> **Task statement**: Start at the line holding "this 750×633 image.". Write out that line and each one after it to the end of the data, unchanged.
Supplied entries Block Start
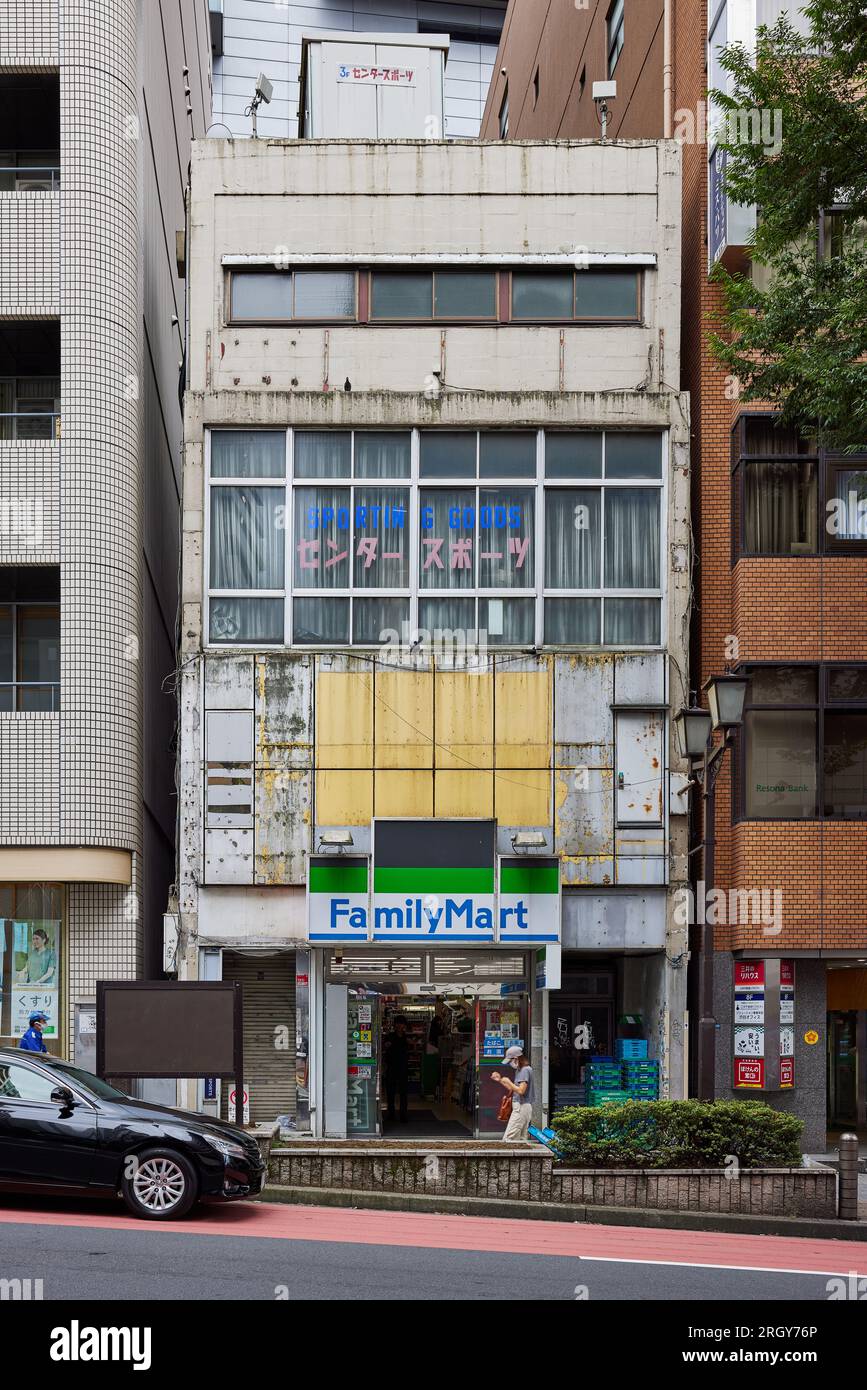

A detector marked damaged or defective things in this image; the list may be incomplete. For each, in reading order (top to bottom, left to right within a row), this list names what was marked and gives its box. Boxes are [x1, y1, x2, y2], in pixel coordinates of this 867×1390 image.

rusty metal panel [204, 656, 254, 711]
rusty metal panel [254, 653, 311, 772]
rusty metal panel [316, 658, 375, 772]
rusty metal panel [375, 669, 436, 772]
rusty metal panel [436, 669, 491, 772]
rusty metal panel [204, 828, 254, 884]
rusty metal panel [254, 767, 311, 884]
rusty metal panel [436, 767, 491, 817]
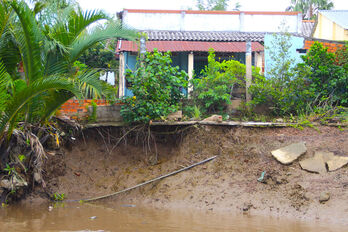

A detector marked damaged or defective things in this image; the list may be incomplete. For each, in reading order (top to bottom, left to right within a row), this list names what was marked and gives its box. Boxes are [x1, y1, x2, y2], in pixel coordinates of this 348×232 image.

broken concrete piece [270, 141, 306, 165]
broken concrete piece [300, 156, 328, 174]
broken concrete piece [328, 155, 348, 171]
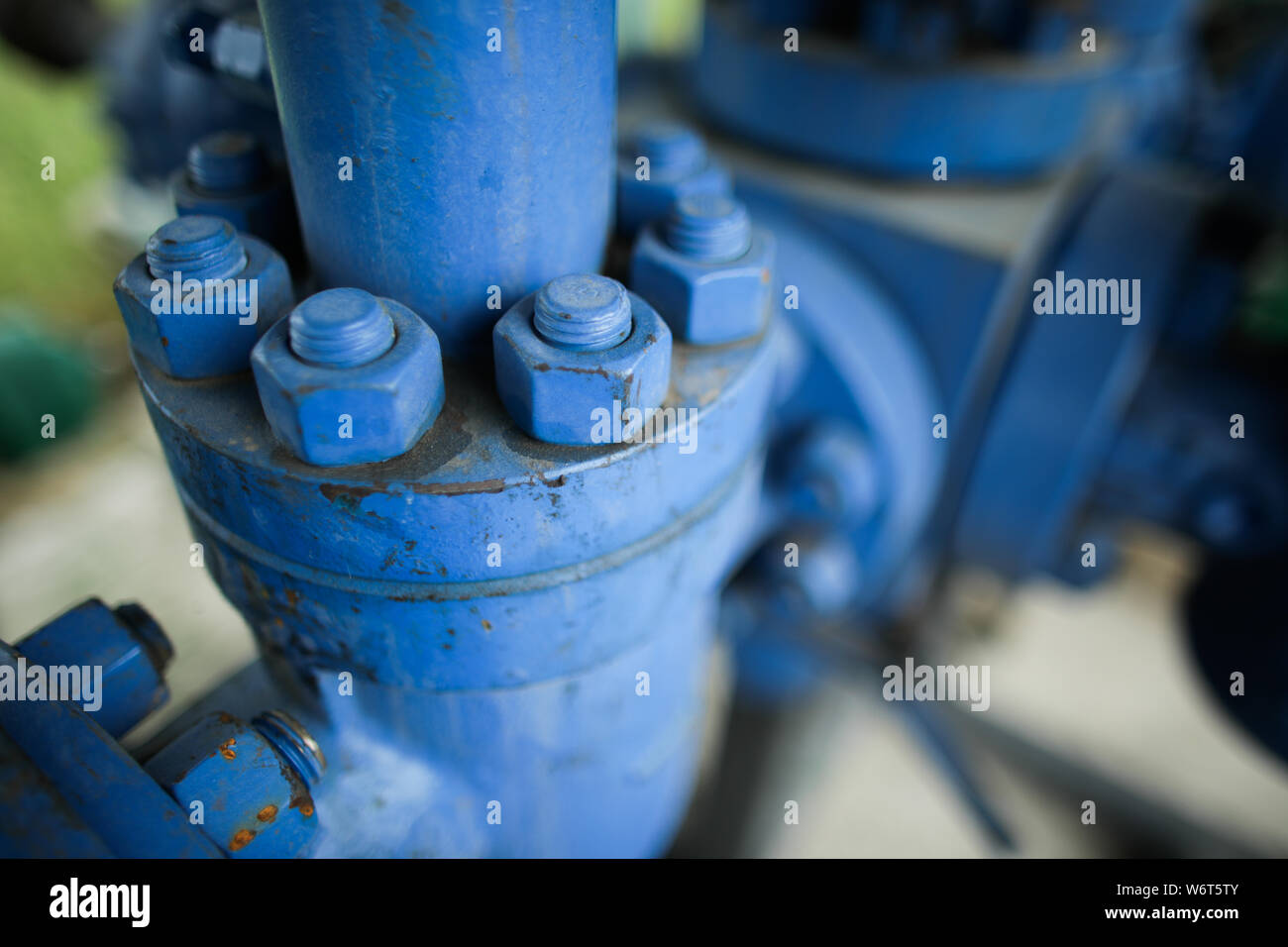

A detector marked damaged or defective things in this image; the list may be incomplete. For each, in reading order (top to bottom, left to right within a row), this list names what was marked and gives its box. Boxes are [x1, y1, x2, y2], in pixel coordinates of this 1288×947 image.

rust spot [228, 828, 254, 852]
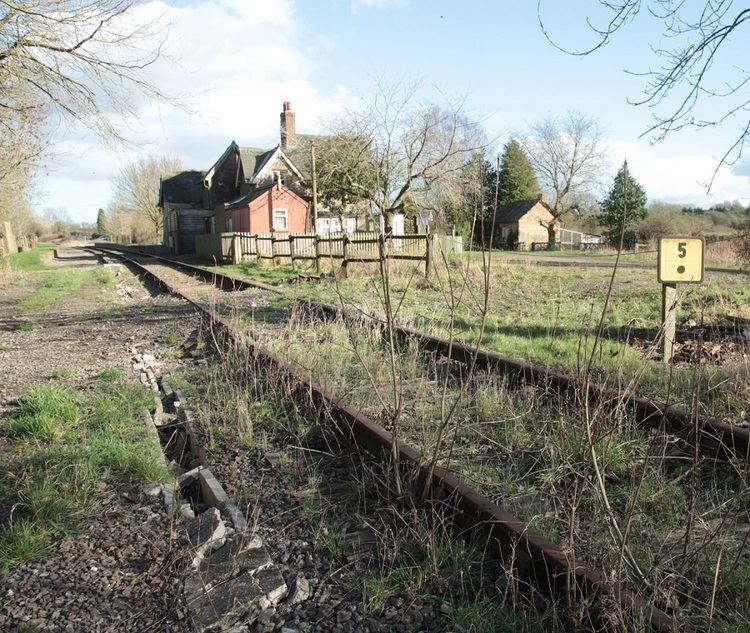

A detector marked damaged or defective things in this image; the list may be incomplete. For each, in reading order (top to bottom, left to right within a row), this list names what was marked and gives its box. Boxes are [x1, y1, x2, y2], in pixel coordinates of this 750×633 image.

rusty railway track [91, 244, 684, 628]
Supplied entries Block End
> **Task solution**:
A detector marked damaged or defective things in this image; the list may be incomplete. For each, in reading order (top to bottom, left to right within a row), this list names what was marked and gives its box. Boxes are [x1, y1, x2, y2], in pixel coordinates of this 750×633 image.

rusty railway track [91, 244, 684, 628]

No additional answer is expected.